Monday, January 30, 2012

Tadaaki Kuwayama at Gary Snyder



Tadaaki Kuwayama had his first solo exhibition in New York in his late 20s in 1961 at the famed Green Gallery.   He was an early exponent for a radically new reductive language for painting.   In the past 50 years, he has shown all over the world and last week a  new exhibition of his work opened at Gary Snyder in Chelsea.  The new Snyder gallery space is the perfect setting for Kuwayama’s  beautiful work.

Snyder’s gallery is one of the few in New York that specializes in abstract art, similar to the role Eric Stark played in the 1990s in SoHo and Chelsea.  However,  Snyder has focused more on representing artist’s estates and re-igniting interest in overlooked or forgotten artists.  Tadaaki Kuwayama is an artist who has produced an extraordinary body of work , working quietly in his Chelsea studio while art fashions have come and gone.  He is revered in his native Japan but in America has remained known only among those keenly interested in abstraction. 

That has been changing over the course of the past few years beginning with a   wonderful show of his paintings from the 1970s in 2008 at Gary Snyder.   He is currently part of a show at the Guggenheim in New York focusing on 1960s monochrome painting and will be having major museums shows later this year and next in Japan and South Korea.   

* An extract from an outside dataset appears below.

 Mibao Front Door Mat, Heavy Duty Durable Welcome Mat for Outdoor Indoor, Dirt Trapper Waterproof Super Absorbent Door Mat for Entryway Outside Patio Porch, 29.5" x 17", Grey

The centerpiece of  this new show is a work comprised of 22 identical 8 x 8 x 2.25” panels of reddish anodized aluminum.   Spanning an entire wall, they are both monumental and light as air.   Behind that wall,  is a new floor piece made up of 8 identical units of anodized titanium.  They strike me as little Olitskis (the sprayed ones)  that somehow dematerialize.  The installation of his work at this show is of the highest order.  
The exhibition runs through February 25. Gary Snyder is located at 529 W. 20th Street, 10th floor 

Wednesday, January 4, 2012

In The Studio with Jocko Weyland

Jocko Weyland has been primarily known through his photographic works, his writings, and his cult zine "ELK." But recently he has made a major foray into drawing and painting and the results have been quite impressive.  His "China" drawings were first shown at Franklin Parrasch two-years ago and his first paintings more recently last fall in the group show  "SCRUFFY"  at KS Art in Tribeca.  I ventured over to Red Hook in Brooklyn to see what was up with Weyland's paintings and discovered some new gouache on paper paintings (all generally measuring one to two feet).  The source material for these paintings is his recent publication The Powder (Dashwood Books)  which is comprised of images culled from the pages of 1970s and early 1980s issues of the  magazine Powder--a lifestyle magazine centered on the then emerging glam world of skiing. 

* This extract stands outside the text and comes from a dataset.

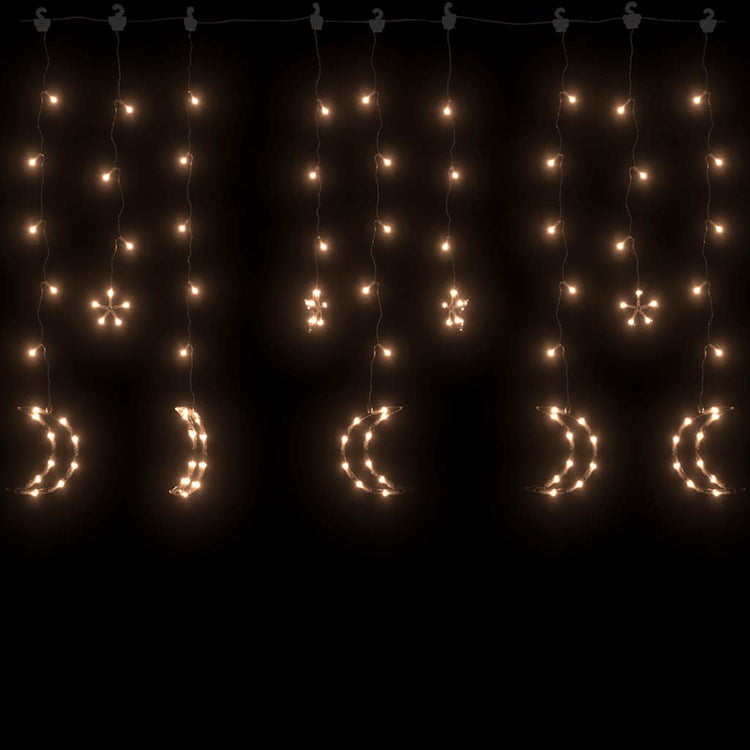 Vidaxl Light Garland Star and Moon Remote Control 138 LEDS WHITE CHAUD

Weyland has made delicate paintings of details of some of these images.  Some are oblique, while others make their referent obvious. I like the ones where I can get what they are better than the more obscure ones.  But he is already on to a technique that is producing some seductive surfaces to match his always keen color sense.  The next move will probably involve a bigger scale and most likely canvas but seeing his initial works makes the anticipation all the more exciting.